Gentlemen RaaS Uses SYSTEM Scheduled Task to Encrypt Drives

The Gentlemen Ransomware Abuses Windows SYSTEM Tasks to Encrypt Entire Networks

The Gentlemen ransomware is a growing and technically sophisticated threat that Canadian organizations in healthcare, finance, education, and transportation cannot afford to overlook. Published in a new analysis by Microsoft Threat Intelligence, this ransomware-as-a-service (RaaS) platform combines self-propagation, SYSTEM-level privilege abuse, and double extortion into one tightly engineered attack chain. The group behind it, tracked by Microsoft as Storm-2697, recently cemented a formal recruitment partnership with BreachForums, a prominent criminal marketplace, significantly broadening its potential affiliate base.

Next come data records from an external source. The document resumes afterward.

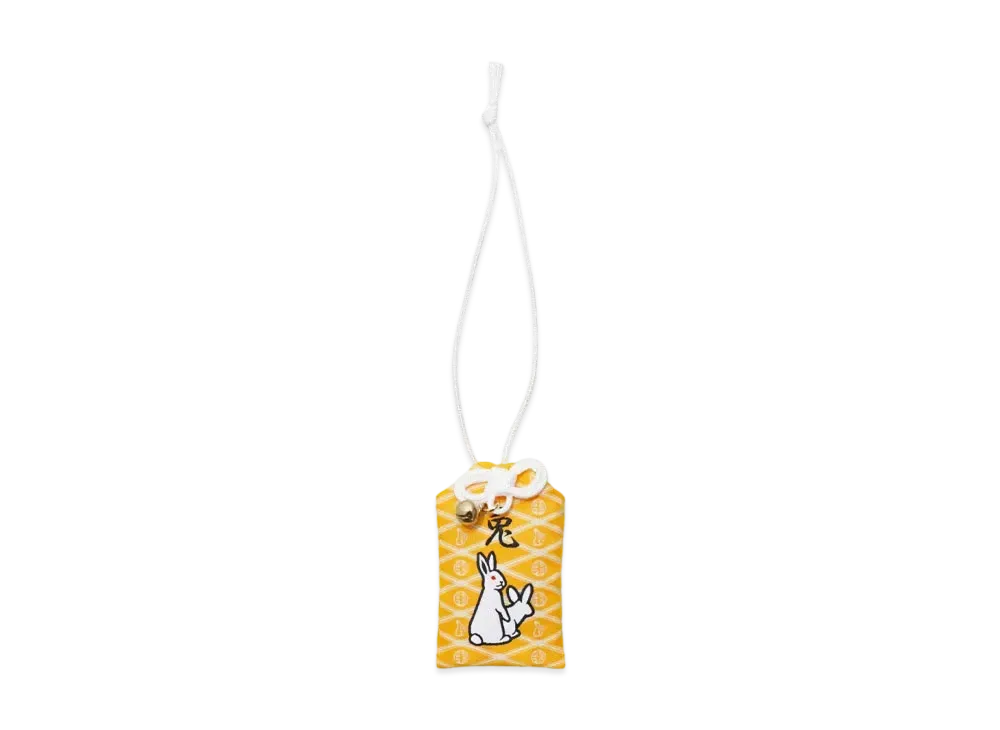 FR2 Rabbits Amulet "Yellow"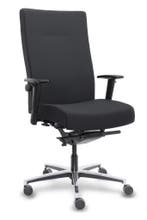 Workliving Atlas XL - Ergonomische Bureaustoel NEN1335 tot, Verzenden, Zwart, Nieuw, Bureaustoel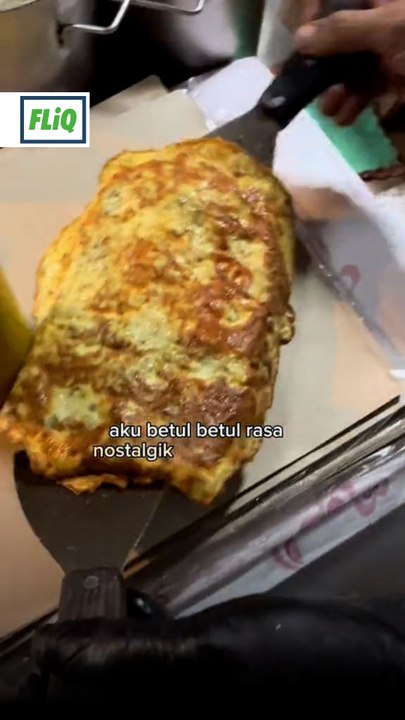 Roti john lejen di KL!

Storm-2697 and the Evolution of The Gentlemen RaaS

The Gentlemen first surfaced around mid-2025 as a closed criminal operation before opening access to affiliates in September 2025. Confirmed victims span North America, South America, Europe, Africa, and Asia, with targeted sectors including healthcare, education, transportation, and finance.

What separates this malware from older ransomware families is the investment behind its core binary. It is written in Go (Golang) and obfuscated using Garble, a Go-specific tool that strips symbol names and applies code transformations that make static analysis significantly harder for defenders. Each build requires a unique password to execute, and operators can configure almost every aspect of the malware’s behaviour through command-line arguments, including encryption speed, network spreading, and post-reboot persistence.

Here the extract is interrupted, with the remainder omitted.